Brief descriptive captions

*** Begin section ***

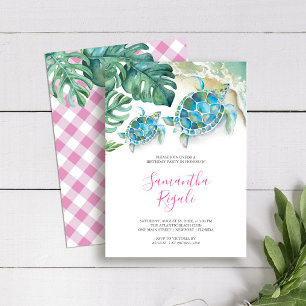 Invitation Fille rose Tortue tropicale En vichy Anniversaire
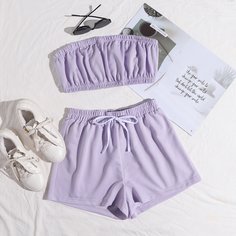 Однотонные шорты и топ без бретелек Shein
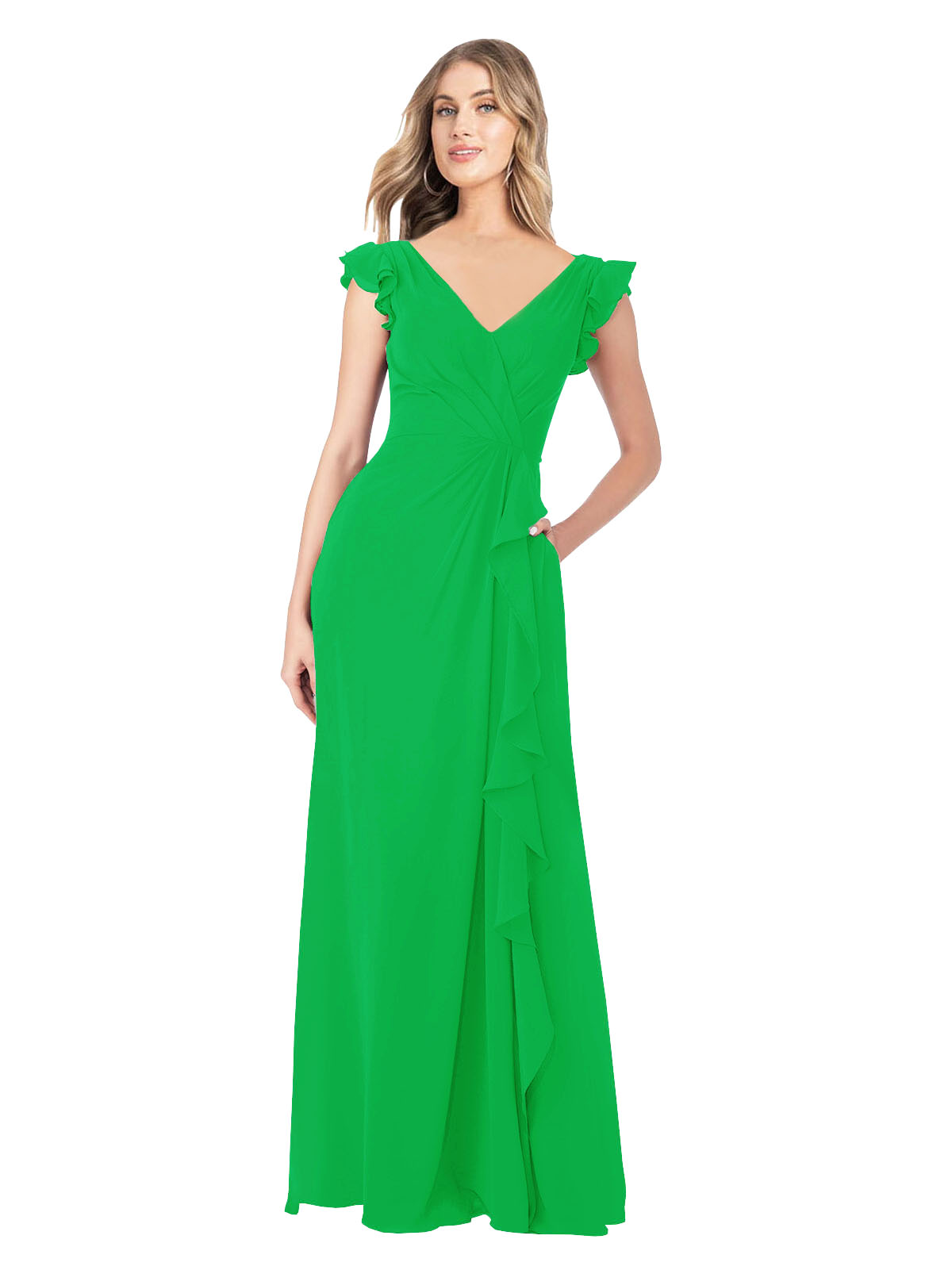 Green A-Line V-Neck Cap Sleeves Long Bridesmaid Dress Taryn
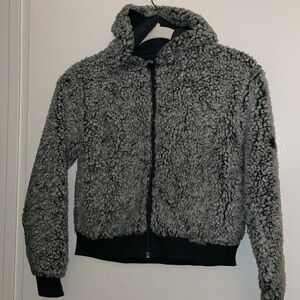 FURRY JACKET, gray, hooded, girl’s large , side pockets, Zella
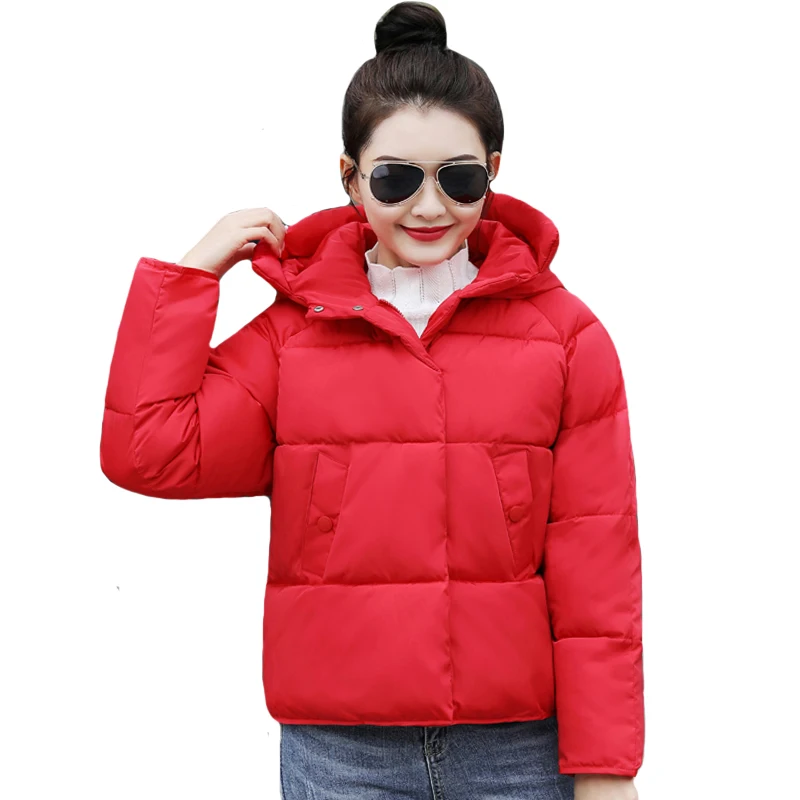 

Hot Sale 2019 Winter Jacket Women Breasted Buttons Hooded Cotton Padded Female Coat Outwear Short Parka Casaco Feminino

*** End section ***

Word for word, restate all of the data, but do not copy the pictures.

 Invitation Fille rose Tortue tropicale En vichy Anniversaire
 Однотонные шорты и топ без бретелек Shein
 Green A-Line V-Neck Cap Sleeves Long Bridesmaid Dress Taryn
 FURRY JACKET, gray, hooded, girl’s large , side pockets, Zella

Hot Sale 2019 Winter Jacket Women Breasted Buttons Hooded Cotton Padded Female Coat Outwear Short Parka Casaco Feminino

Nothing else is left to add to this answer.